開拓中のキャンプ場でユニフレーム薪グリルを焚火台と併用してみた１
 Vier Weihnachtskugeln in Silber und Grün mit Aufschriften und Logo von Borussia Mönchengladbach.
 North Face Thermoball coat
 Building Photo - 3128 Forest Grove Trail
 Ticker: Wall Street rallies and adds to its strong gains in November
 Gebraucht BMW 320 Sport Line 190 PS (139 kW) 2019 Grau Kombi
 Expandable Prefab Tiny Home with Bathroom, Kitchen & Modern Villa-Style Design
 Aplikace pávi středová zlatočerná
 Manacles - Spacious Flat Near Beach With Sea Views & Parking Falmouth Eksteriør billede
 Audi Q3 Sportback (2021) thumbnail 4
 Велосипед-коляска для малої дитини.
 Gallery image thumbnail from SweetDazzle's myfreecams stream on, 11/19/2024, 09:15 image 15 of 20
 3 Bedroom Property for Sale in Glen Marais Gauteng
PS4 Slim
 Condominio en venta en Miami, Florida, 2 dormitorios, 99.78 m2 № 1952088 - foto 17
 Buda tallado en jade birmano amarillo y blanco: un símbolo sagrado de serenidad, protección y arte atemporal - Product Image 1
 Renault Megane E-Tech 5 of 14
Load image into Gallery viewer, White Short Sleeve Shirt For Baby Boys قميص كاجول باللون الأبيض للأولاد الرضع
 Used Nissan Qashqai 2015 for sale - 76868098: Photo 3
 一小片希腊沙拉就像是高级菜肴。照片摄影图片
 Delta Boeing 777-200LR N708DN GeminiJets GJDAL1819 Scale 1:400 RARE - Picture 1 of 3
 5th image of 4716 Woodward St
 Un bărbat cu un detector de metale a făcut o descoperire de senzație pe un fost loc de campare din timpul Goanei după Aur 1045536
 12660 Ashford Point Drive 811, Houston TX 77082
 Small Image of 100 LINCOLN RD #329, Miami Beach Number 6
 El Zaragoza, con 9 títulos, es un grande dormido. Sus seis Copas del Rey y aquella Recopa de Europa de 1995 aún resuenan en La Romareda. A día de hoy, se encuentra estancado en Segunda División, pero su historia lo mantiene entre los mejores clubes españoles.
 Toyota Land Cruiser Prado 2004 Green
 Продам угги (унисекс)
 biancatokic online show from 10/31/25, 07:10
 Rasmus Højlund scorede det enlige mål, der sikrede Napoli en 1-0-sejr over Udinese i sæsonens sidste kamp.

• **Task objective**: Retype the material above in full, keeping every word as it stands.

• **Result for this exercise**:
開拓中のキャンプ場でユニフレーム薪グリルを焚火台と併用してみた１
 Vier Weihnachtskugeln in Silber und Grün mit Aufschriften und Logo von Borussia Mönchengladbach.
 North Face Thermoball coat
 Building Photo - 3128 Forest Grove Trail
 Ticker: Wall Street rallies and adds to its strong gains in November
 Gebraucht BMW 320 Sport Line 190 PS (139 kW) 2019 Grau Kombi
 Expandable Prefab Tiny Home with Bathroom, Kitchen & Modern Villa-Style Design
 Aplikace pávi středová zlatočerná
 Manacles - Spacious Flat Near Beach With Sea Views & Parking Falmouth Eksteriør billede
 Audi Q3 Sportback (2021) thumbnail 4
 Велосипед-коляска для малої дитини.
 Gallery image thumbnail from SweetDazzle's myfreecams stream on, 11/19/2024, 09:15 image 15 of 20
 3 Bedroom Property for Sale in Glen Marais Gauteng
PS4 Slim
 Condominio en venta en Miami, Florida, 2 dormitorios, 99.78 m2 № 1952088 - foto 17
 Buda tallado en jade birmano amarillo y blanco: un símbolo sagrado de serenidad, protección y arte atemporal - Product Image 1
 Renault Megane E-Tech 5 of 14
Load image into Gallery viewer, White Short Sleeve Shirt For Baby Boys قميص كاجول باللون الأبيض للأولاد الرضع
 Used Nissan Qashqai 2015 for sale - 76868098: Photo 3
 一小片希腊沙拉就像是高级菜肴。照片摄影图片
 Delta Boeing 777-200LR N708DN GeminiJets GJDAL1819 Scale 1:400 RARE - Picture 1 of 3
 5th image of 4716 Woodward St
 Un bărbat cu un detector de metale a făcut o descoperire de senzație pe un fost loc de campare din timpul Goanei după Aur 1045536
 12660 Ashford Point Drive 811, Houston TX 77082
 Small Image of 100 LINCOLN RD #329, Miami Beach Number 6
 El Zaragoza, con 9 títulos, es un grande dormido. Sus seis Copas del Rey y aquella Recopa de Europa de 1995 aún resuenan en La Romareda. A día de hoy, se encuentra estancado en Segunda División, pero su historia lo mantiene entre los mejores clubes españoles.
 Toyota Land Cruiser Prado 2004 Green
 Продам угги (унисекс)
 biancatokic online show from 10/31/25, 07:10
 Rasmus Højlund scorede det enlige mål, der sikrede Napoli en 1-0-sejr over Udinese i sæsonens sidste kamp.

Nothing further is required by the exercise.